Further, the number of the stacked layers of the biomass seedling raising plates is 6-8; after sowing, redundant matrix on the surface of the biomass seedling raising plate is swept away, so that the plate lattices of the biomass seedling raising plate are exposed.
Further, when transplanting, firstly soaking the biomass seedling raising tray in a water tank containing liquid medicine, so that the liquid medicine can soak and disinfect the root systems of the seedlings; after the biological material seedling raising tray is completely soaked with the liquid medicine, the biological material seedling raising tray is planted in time and watered with root fixing water.
Further, the biomass seedling raising tray is formed by inoculating fungi to grow and kink after mixing the following components in parts by weight: 40-50 parts of corn straw, 20-30 parts of wheat straw, 18 parts of wheat bran, 10 parts of corn flour, 1 part of quicklime and 1 part of gypsum.
Furthermore, when watering, watering is carried out from top to bottom in a spraying mode.

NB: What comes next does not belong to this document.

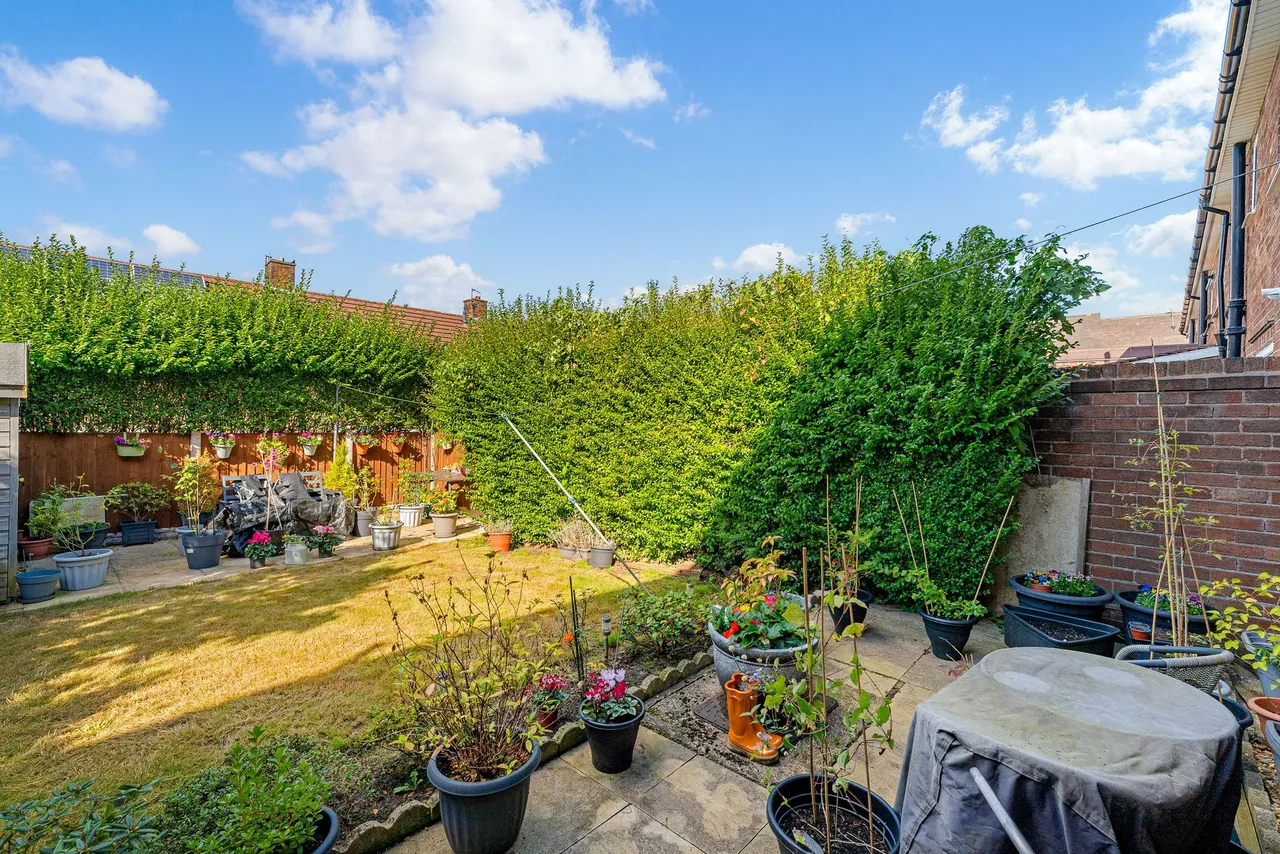 Hayes Crescent, Frodsham, Frodsham, WA6 7PG, photo 11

The invention has the beneficial effects that: the seed germination rate can be improved, the root system growth is promoted, strong seedlings are cultivated, the transplanting survival rate is high, and the seedling revival stage is basically avoided; the seeds do not need to be germinated, the technical requirement is low, a culture tray is omitted, the cost is saved, and the method is more beneficial to popularization. Because the fine soil particles are small, the fine soil layer can quickly absorb a certain amount of water, and all water is prevented from flowing into soil of the seedbed and then seeping away; the biomass seedling raising tray above the fine soil layer is like a mulching film and shields water evaporated in the fine soil layer, most of water can only be absorbed by the matrix after passing through the through holes, water is continuously supplied to seedlings, and watering frequency is reduced. The fine soil particles cannot be too large, otherwise the water storage effect is poor, and the watering frequency needs to be increased. The thickness of the fine soil layer cannot be larger than 2cm, otherwise, the root system of the seedling is easy to be crosslinked in a large amount, the seedling revival stage is caused by root damage during transplanting, and the transplanting survival rate is reduced.
Detailed Description
The technical contents, structural features, and concrete embodiments of the present invention will be described in detail.
Example 1
An environment-friendly seedling raising method with low cost investment comprises the following steps of:
s1: leveling the seedbed, paving fine soil with the thickness of alpha and the particle diameter of beta to form a fine soil layer, and watering until the fine soil layer is completely watered;
s2: opening the biomass seedling raising trays loaded with the matrixes and sowed on the fine soil layer in sequence;
s3: watering the biomass seedling raising plate until the matrix in the hole is thoroughly drenched, and making water flow out from the bottom of the hole as thorough drenching;
s4: when the surface of the substrate is dry, repeating the step S3 until the time is 5-7d before transplanting; after the first true leaf appears, the water-soluble compound fertilizer is prepared according to the weight ratio: adding water-soluble compound fertilizer into water in the proportion of 1: 1000-; wherein, the bottom of the hole of the biomass seedling raising disk is provided with a through hole; alpha is more than 2cm and beta is less than or equal to 2mm when the length of the alpha is more than 0.5 cm.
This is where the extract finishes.